**GIVEN INFORMATION**
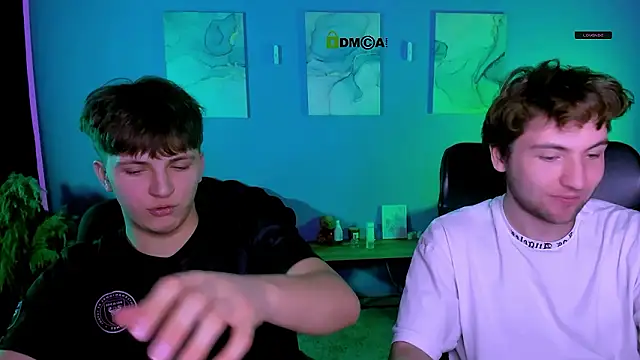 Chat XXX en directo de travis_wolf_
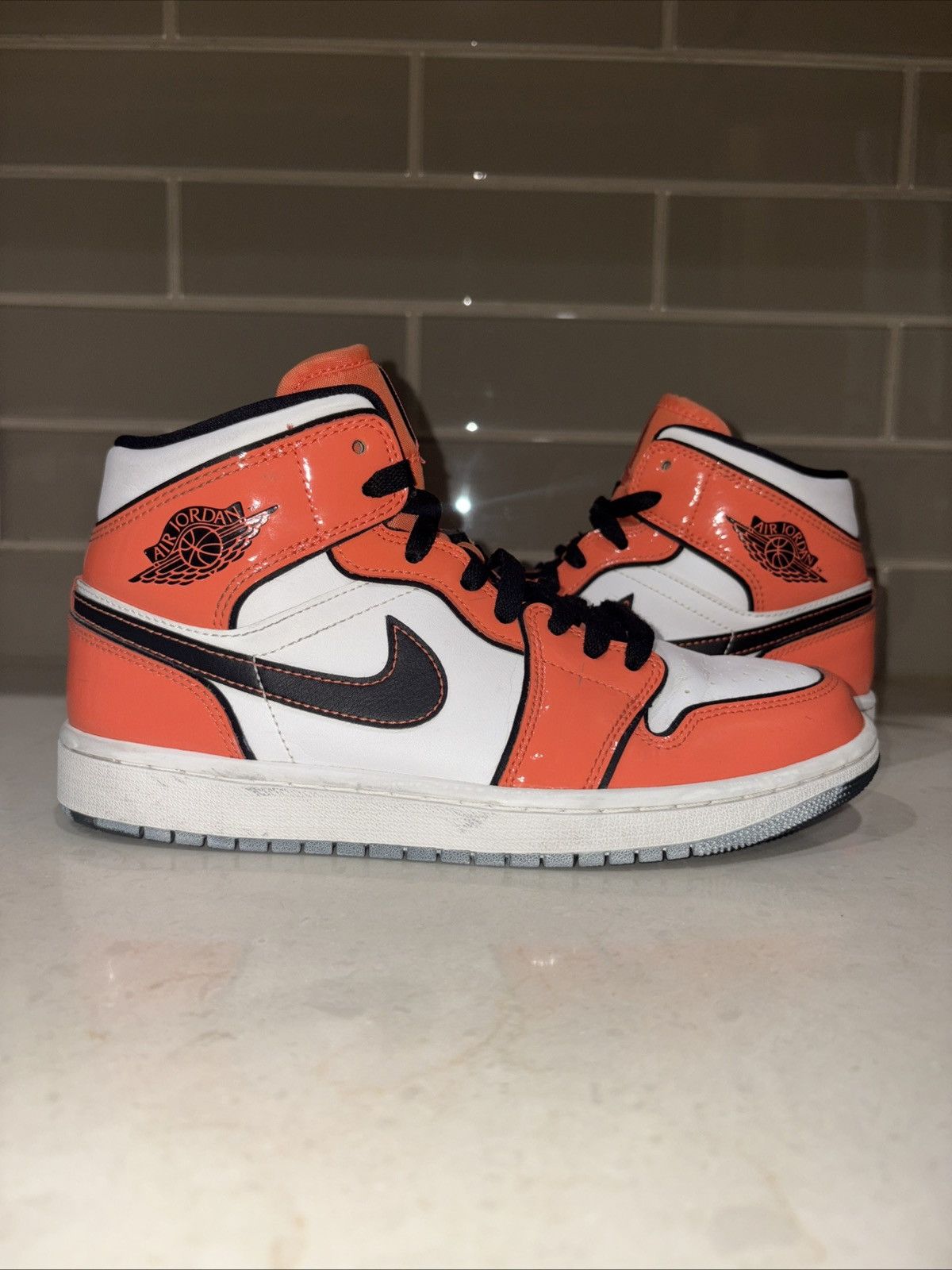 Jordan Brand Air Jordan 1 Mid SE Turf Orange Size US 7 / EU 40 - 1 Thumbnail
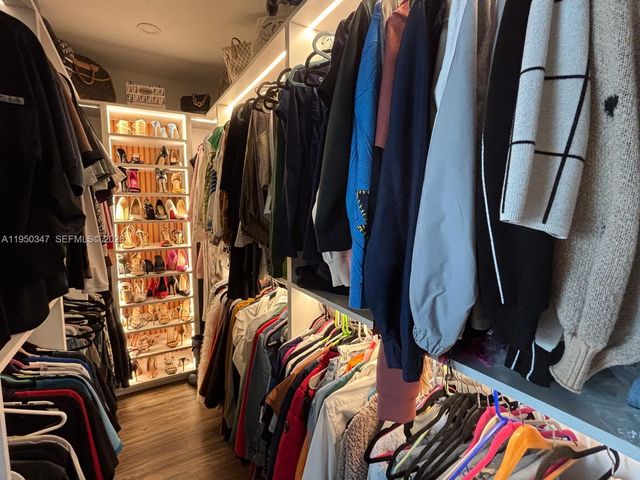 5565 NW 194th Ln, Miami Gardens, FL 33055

**EXERCISE**
With the pictures removed, return the full listing exactly as given.

**WRITTEN RESPONSE**
 Chat XXX en directo de travis_wolf_
 Jordan Brand Air Jordan 1 Mid SE Turf Orange Size US 7 / EU 40 - 1 Thumbnail
 5565 NW 194th Ln, Miami Gardens, FL 33055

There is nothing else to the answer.